[EXERCISE INSTRUCTIONS] A line below contains "The PolarVision system", and a later one contains "Moving on to". Repeat both, with every line between them, exactly.

[INFORMATION PROVIDED]
--------------------------------
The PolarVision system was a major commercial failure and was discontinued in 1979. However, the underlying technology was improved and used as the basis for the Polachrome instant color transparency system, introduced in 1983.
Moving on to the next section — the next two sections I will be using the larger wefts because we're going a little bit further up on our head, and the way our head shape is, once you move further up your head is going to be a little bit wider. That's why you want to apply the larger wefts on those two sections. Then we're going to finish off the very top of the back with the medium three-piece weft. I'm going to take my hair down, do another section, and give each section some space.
--------------------------------
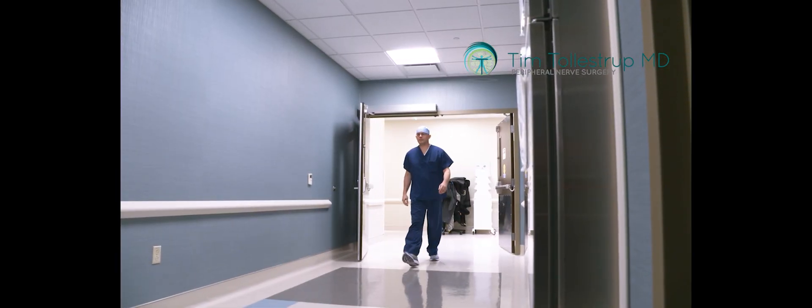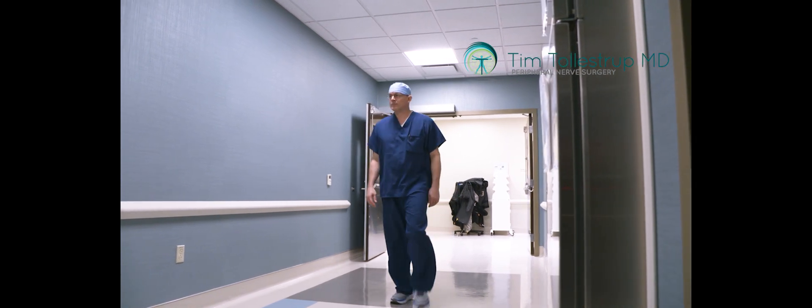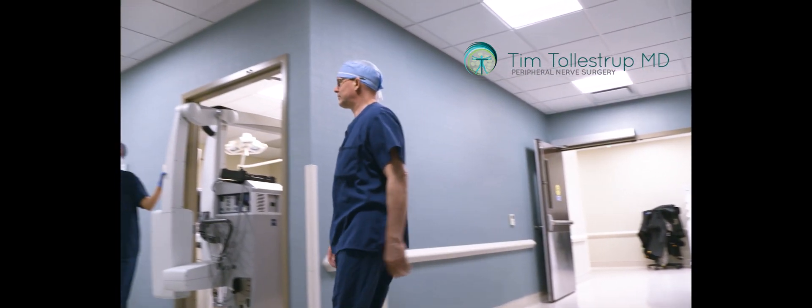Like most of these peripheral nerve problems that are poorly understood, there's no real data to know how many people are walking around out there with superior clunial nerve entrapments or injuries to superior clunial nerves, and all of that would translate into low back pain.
--------------------------------
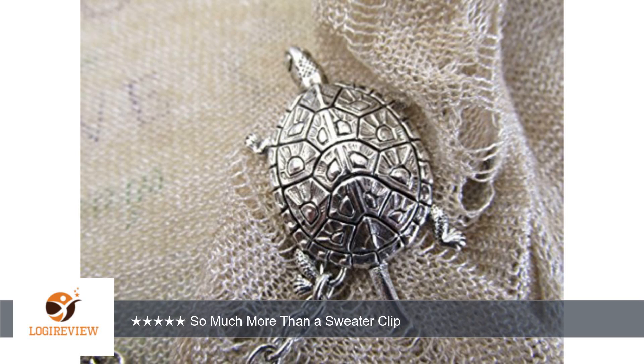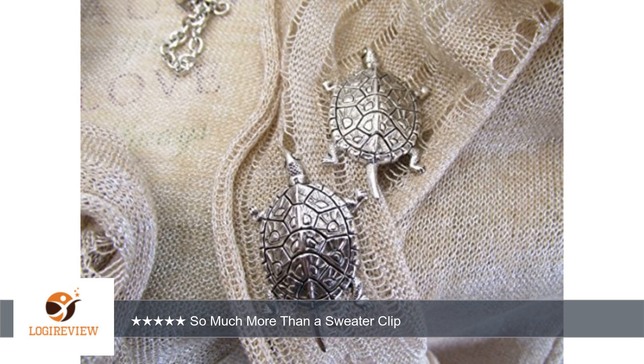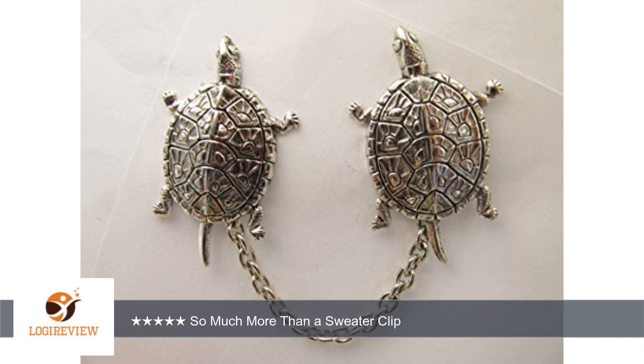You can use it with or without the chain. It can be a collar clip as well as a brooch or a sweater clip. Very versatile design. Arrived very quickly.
--------------------------------
[EXERCISE OUTPUT]
The PolarVision system was a major commercial failure and was discontinued in 1979. However, the underlying technology was improved and used as the basis for the Polachrome instant color transparency system, introduced in 1983.
Moving on to the next section — the next two sections I will be using the larger wefts because we're going a little bit further up on our head, and the way our head shape is, once you move further up your head is going to be a little bit wider. That's why you want to apply the larger wefts on those two sections. Then we're going to finish off the very top of the back with the medium three-piece weft. I'm going to take my hair down, do another section, and give each section some space.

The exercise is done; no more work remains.